Spesso dimentichiamo che la misericordia non può essere fatta solo di belle parole o di nobili sentimenti, ma deve diventare solidarietà concreta... L'editoriale del n°4 di "Voce" è di don Adriano Bianchi

Spesso dimentichiamo che la misericordia non può essere fatta solo di belle parole o di nobili sentimenti, ma deve diventare solidarietà concreta che porta salvezza. Ce lo ricorda papa Francesco nel messaggio per la Quaresima, presentato lo scorso 26 gennaio, in cui il Pontefice sottolinea che “le opere di misericordia corporale e spirituale ci ricordano che la nostra fede si traduce in atti concreti e quotidiani, destinati ad aiutare il nostro prossimo nel corpo e nello spirito e sui quali saremo giudicati”. Un movimento che ci interpella non solo a livello personale, certo, ma anche nell’impegno sociale e pubblico proprio perché in gioco vi è la salvezza del mondo. Saremo invitati pertanto a compiere, ancora una volta, questo itinerario.

Da un lato il percorso personale tocca il livello della coscienza, ma dal punto di vista della società prendere sul serio queste “opere” significa non smettere di favorire il legame tra relazioni e azioni e tentare di coinvolgere sempre tutta la città degli uomini in un cambiamento non privo di una direzione e di una meta. Le stesse opere sono direzione e meta per una riappropriazione del vivere sociale comunitario e per far diventare prassi e forma comportamenti sociali virtuosi. La misericordia corporale ad esempio ci ricorda che il corpo della città è spesso ferito. Le ferite vanno conosciute, sanate. Attorno ad esse la comunità che vive nella città può trovare la strada per un impegno comune. Si fa prossima e si prende responsabilmente in carico i bisogni dei suoi membri. Il corpo ferito della città scandalizza, scuote, esige risposte. Come dare ancora oggi da mangiare agli affamati, da bere agli assetati, vestire ignudi, alloggiare pellegrini e forestieri, visitare infermi e carcerati e seppellire tutti i morti? Curare il corpo sociale è un’esigenza etica imprescindibile e chiama in causa tutti. In secondo luogo le opere di misericordia spirituale chiamano in causa l’anima della città. Una città potrebbe essere anche bella, ma senza un’anima è una città senza storia e senza futuro. L’anima di Brescia campeggia su Palazzo Loggia incisa nel marmo: “Brixia fidelis fidei et justitiae”.

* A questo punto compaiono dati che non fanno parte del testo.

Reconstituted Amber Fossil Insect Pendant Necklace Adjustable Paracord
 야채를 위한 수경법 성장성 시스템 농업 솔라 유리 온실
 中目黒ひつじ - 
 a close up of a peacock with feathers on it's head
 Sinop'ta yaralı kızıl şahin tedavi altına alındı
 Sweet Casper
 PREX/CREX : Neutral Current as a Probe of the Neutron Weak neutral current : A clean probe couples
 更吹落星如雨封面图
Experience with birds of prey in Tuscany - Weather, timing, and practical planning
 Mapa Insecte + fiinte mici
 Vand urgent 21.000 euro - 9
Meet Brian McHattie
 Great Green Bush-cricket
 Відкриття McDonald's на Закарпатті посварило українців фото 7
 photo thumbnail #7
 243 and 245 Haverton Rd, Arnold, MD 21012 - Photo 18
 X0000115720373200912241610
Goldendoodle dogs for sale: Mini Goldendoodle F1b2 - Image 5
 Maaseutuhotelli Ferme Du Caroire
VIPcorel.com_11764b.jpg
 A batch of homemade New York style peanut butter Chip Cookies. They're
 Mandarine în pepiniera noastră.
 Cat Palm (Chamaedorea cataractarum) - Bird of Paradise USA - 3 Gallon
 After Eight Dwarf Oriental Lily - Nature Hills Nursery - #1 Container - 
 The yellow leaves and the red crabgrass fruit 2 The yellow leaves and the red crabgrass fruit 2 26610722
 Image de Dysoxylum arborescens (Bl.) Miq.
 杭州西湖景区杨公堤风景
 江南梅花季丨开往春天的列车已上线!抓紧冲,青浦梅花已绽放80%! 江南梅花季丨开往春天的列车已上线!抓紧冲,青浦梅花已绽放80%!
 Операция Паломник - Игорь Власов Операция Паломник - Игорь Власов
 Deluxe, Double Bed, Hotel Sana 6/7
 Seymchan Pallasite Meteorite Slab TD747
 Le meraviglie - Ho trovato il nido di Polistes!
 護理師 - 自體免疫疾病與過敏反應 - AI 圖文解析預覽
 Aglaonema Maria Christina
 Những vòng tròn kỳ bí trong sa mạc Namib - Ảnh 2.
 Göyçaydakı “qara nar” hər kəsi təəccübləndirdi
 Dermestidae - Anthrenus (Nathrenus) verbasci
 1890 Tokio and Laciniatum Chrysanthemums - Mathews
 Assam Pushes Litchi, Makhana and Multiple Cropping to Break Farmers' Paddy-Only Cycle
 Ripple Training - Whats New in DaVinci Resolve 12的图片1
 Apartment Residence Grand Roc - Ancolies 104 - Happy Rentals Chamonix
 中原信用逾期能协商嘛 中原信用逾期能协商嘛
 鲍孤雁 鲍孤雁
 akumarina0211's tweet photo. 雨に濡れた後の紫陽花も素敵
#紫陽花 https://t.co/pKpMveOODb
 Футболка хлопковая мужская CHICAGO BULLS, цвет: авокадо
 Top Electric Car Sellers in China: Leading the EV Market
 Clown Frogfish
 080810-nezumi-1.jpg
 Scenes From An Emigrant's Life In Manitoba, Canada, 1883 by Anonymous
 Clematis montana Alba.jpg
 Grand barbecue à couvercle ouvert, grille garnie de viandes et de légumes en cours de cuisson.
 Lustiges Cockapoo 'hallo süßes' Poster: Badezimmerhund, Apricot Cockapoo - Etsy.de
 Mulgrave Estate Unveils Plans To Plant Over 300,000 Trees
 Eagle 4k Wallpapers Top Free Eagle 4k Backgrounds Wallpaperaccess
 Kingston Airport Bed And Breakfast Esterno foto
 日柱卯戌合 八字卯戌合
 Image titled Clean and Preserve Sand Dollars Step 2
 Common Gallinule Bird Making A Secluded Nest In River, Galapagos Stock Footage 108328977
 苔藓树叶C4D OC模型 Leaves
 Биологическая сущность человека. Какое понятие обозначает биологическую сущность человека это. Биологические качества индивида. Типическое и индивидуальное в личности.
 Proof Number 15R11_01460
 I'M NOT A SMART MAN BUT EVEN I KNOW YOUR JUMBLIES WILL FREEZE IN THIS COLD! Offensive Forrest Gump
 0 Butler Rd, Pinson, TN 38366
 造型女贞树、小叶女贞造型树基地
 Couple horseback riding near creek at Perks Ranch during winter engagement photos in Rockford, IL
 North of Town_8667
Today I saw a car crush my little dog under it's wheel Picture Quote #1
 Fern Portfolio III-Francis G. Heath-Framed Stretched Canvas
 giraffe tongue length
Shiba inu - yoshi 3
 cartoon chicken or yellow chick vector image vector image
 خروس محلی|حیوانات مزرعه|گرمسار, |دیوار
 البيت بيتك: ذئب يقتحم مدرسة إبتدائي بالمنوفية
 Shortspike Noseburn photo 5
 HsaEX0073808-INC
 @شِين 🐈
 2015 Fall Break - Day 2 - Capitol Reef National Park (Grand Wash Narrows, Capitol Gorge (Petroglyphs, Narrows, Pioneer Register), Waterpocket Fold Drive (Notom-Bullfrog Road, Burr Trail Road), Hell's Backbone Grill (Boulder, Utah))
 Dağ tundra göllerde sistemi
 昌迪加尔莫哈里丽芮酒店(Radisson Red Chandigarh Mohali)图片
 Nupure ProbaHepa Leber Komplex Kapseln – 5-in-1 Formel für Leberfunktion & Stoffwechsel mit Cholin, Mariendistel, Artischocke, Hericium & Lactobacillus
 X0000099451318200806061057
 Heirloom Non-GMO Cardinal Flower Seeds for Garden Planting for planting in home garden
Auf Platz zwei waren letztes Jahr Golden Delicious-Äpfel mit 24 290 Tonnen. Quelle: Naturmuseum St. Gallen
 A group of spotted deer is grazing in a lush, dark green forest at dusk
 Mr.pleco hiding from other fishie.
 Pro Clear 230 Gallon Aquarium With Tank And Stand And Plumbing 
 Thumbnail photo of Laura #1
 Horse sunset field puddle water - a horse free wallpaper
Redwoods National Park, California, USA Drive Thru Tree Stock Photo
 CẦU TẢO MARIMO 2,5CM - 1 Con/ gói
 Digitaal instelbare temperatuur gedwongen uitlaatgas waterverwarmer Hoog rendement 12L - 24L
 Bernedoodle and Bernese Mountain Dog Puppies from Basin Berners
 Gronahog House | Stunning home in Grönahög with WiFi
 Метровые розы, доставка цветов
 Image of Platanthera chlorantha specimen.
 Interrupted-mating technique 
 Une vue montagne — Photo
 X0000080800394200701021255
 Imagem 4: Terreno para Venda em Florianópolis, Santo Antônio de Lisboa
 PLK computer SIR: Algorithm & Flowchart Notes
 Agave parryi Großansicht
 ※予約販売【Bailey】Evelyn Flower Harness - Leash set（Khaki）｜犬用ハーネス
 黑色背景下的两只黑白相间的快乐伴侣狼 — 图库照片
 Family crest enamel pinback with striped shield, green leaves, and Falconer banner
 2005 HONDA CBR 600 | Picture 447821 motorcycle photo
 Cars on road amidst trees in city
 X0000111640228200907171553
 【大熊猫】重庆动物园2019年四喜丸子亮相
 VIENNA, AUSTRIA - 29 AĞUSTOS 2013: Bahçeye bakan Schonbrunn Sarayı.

Un motto che esprime l’anima del corpo cittadino; il richiamo alla sua origine; lo stile con cui affrontare i problemi di ogni tempo e l’orizzonte per non perdere i tratti della sua identità. Curare l’anima del corpo sociale e comunitario ha bisogno di azioni e ispirazioni precise e “movimenti” che le opere di misericordia spirituale suggeriscono educano il “cuore” della città a restare fermo nella sua fedeltà alla fede e alla giustizia. C’è ancora spazio per consigliare i dubbiosi, insegnare agli ignoranti, ammonire i peccatori e consolare gli afflitti, perdonare offese e sopportare pazientemente le persone moleste oltre che per pregare Dio per i vivi e per i morti? Forse la Quaresima dell’anno giubilare ispirerà qualcosa di nuovo in una città che la cronaca ci restituisce troppo spesso smarrita.